Semejantes o parecidas situaciones y conversaciones las estamos oyendo a diario y están produciendo a nuestro alrededor un desánimo y, a veces, una gran desolación. Tanto es así que la precariedad económica, para la mayoría de los trabajadores, se está convirtiendo en precariedad humana y en debilitamiento moral. De tal manera que uno piensa que si la situación es mala, peor es la apatía y la desgana tan generalizada hasta un punto tal que se oye decir que ya no se puede luchar por nada. Es decir, nos han robado algo sagrado que es lo último que deberíamos perder: la esperanza.

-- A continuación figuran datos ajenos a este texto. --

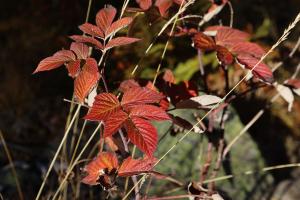 Herbstblätter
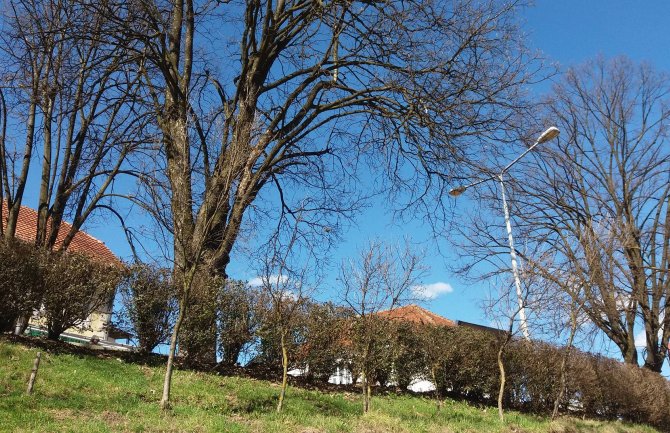 Danas sunce, tokom noći kiša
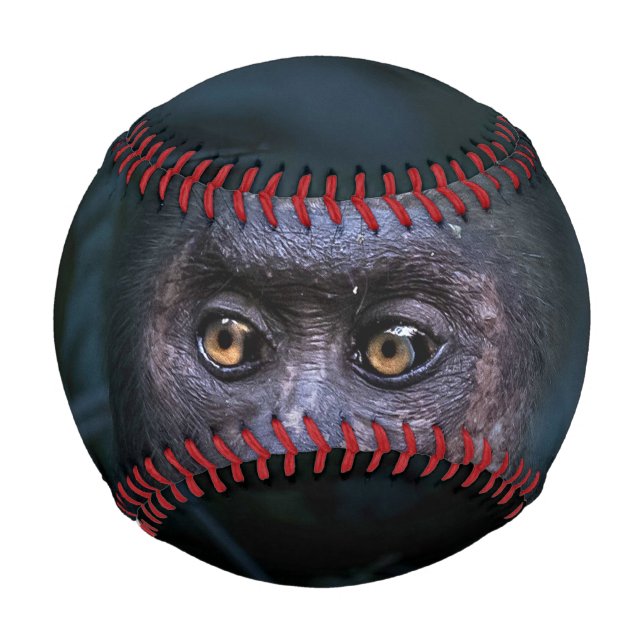 Monkey in the Jungle Baseball (Front)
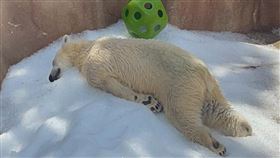 日本,神戶市立王子動物園,北極熊（圖／翻攝自X）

Porque sin esperanza sólo cabe una actitud negativa ante la vida, aparece la tristeza y la oscuridad, el cansancio nos envuelve, la lucha se frena, se deja de creer en uno mismo y se nos roba la existencia.
La situación está mal, muy mal (¿alguna vez ha estado bien para los pobres?) pero por eso mismo hay que espabilarse y dar una respuesta y, sin esperanza, eso no es posible.
El Dios de la esperanza (Romanos 15,13) nos lleva de la mano para apostar fuertemente por un futuro mejor para toda la humanidad, nos empuja a abrir los ojos para ver que continuamente brotan signos nuevos de su presencia especialmente entre los pobres (Isaías 43, 18-19) y para realizar gestos de humanidad y cercanía (Mateo 11, 2-6) que nos identifiquen como “pacientes en la tribulación y alegres en la esperanza” (Romanos 12, 12).
Al fin y al cabo se trata de “dar razón de nuestra esperanza” (1 Pedro 3, 15) y de que por ninguna razón nos la roben.
Hay que poner freno a tal desgracia.